Sommes-nous en train de nous éloigner des avancées du concile Vatican II et des fruits des rencontres d’Assise? Devons-nous nous résoudre à considérer, avec George W. Bush, que l’esprit et le temps des croisades ne sont pas morts ? Et nous résigner à l’opportune fatalité d’un choc des civilisations?

Quelques jours avant son arrivée en Turquie, le Saint-Père s’est même permis de récidiver alors qu’il tentait de s’expliquer depuis le mois de septembre en atténuant la portée de ses propos de Ratisbonne, réaffirmant sa volonté de dialoguer avec l’Islam et les musulmans, avec ouverture …et « fermeté »! Dès lors, se rendait-il en Turquie en se plaçant sur le registre du dialogue ou sur celui de la négociation entre protagonistes?

Si ce voyage en Turquie aura donné à Benoît XVI l’opportunité de mettre quelques pendules à l’heure, tant pour l’œcuménisme que pour les relations avec l’Islam, les mises au point et les vœux de rapprochement, tous en nuances et en petites avancées comme dans une partie d’échecs, laissent des préoccupations en suspens : assistons-nous à une mise en scène bien réfléchie relevant de manœuvres vaticanes? Ou au dur et pénible apprentissage du double métier de pape et de chef d’État? Dieu seul le sait et l’avenir nous le dira. Présumons néanmoins de la bonne foi du pontife.

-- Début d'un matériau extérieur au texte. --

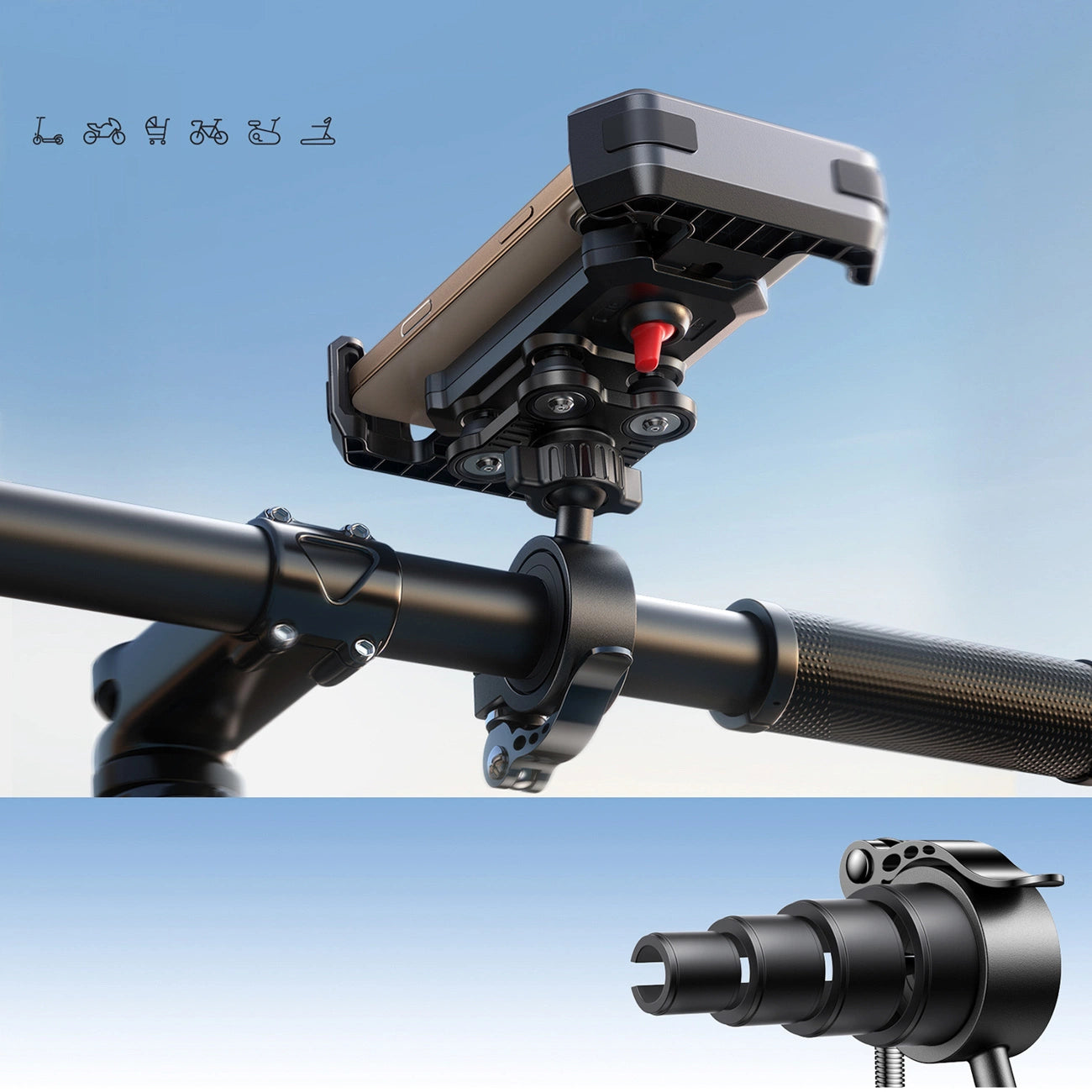 Joyroom JR-ZS428 shockproof handlebar holder for motorcycle, bike, scooter - black_6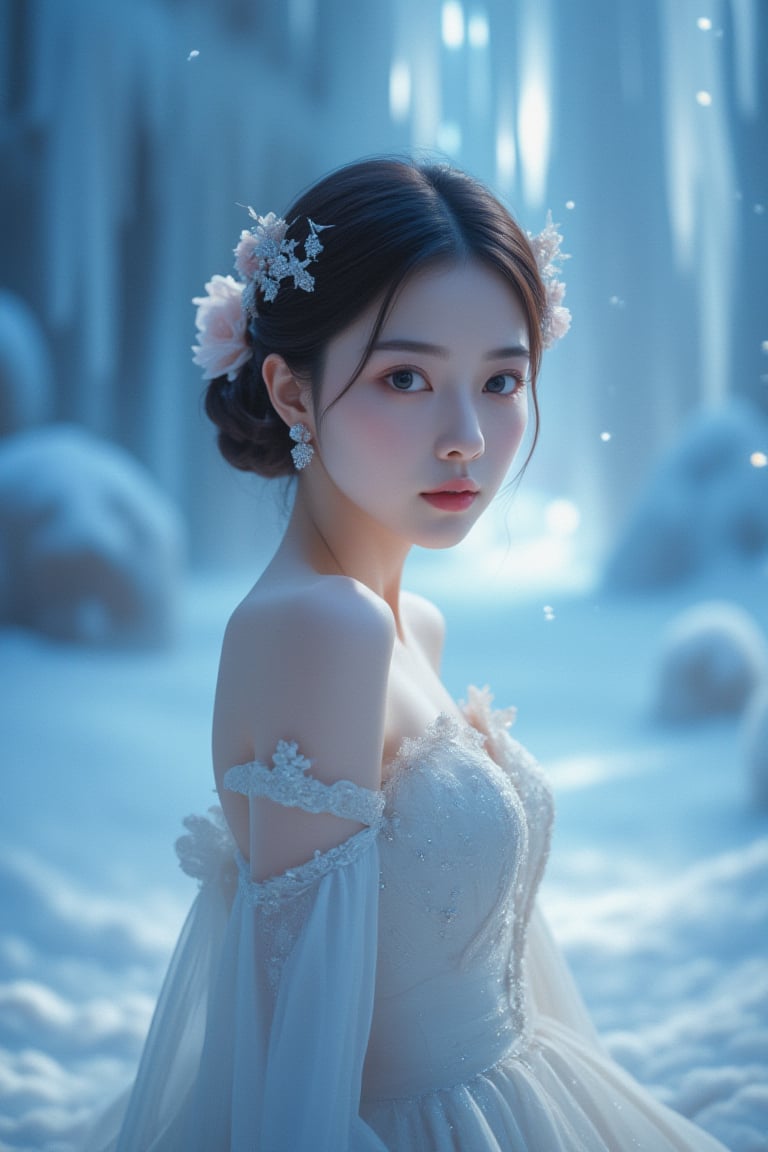 This digital artwork features a fantasy style typical of contemporary digital artists. The composition centers on a young woman with a serene expression, adorned in an intricate, ice-themed gown with crystal accents and floral details. Her hair is styled elegantly with delicate hairpieces. The background is a dreamlike, icy landscape with icicles and soft, glowing lights, enhancing the cold, ethereal atmosphere. Mist and light effects are used skillfully to give the image a magical, otherworldly feel. The artist meticulously captures the fine details of her attire and the ambient light, creating a captivating, whimsical portrait.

Qu’il nous soit finalement permis de regretter que Benoît XVI ait manqué une occasion en or, à Byzance/Constantinople/Istanbul, de relancer à la fois son pontificat et la volonté de l’Église d’œuvrer à la paix mondiale. En s’investissant de la puissance symbolique de l’institution qu’il incarne, il aurait pu et dû lancer solennellement un Appel historique de paix et de solidarité humaines à la mesure des incertitudes et des urgences de ce début de siècle, ce qui aurait certainement contribué à ébranler les tentations guerrières et les dérives qui, dans le confort et l’indifférence, rongent notre monde.

Gardons cependant espoir vis-à-vis du Saint-Père et du Vatican tout en nous rappelant tout de même que le dialogue interreligieux ne se vit pas seulement et forcément à un niveau institutionnel élevé. Dieu merci, il se cultive aussi et surtout entre croyants, au sein de petits groupes, et entre individus porteurs de visions différentes du monde – y compris agnostiques et athées – au jour le jour et sans en porter le nom : dans les milieux de travail, avec le voisinage, au hasard des rencontres, dans le respect et l’ouverture à l’autre qui, dans le Coran, la tradition du prophète Mohamed et l’histoire musulmane, sont des obligations de foi entre fils d’Abraham, et plus encore entre descendants d’Adam et Ève.

Au-delà de ce qui peut et qui doit rassembler les croyants, et en particulier de l’immensité du tronc commun monothéiste et des nombreux dénominateurs rassembleurs, il reste les défis que l’humanité a devant elle avec acuité et urgence : pauvreté, inégalités, injustices, violence, guerres, éducation, écologie, etc. Autant d’enjeux communs qui nous interpellent sur une petite planète où nous sommes condamnés à vivre ensemble et où les hommes et femmes de foi ont la possibilité d’apporter un éclairage moral hautement nécessaire à la paix universelle.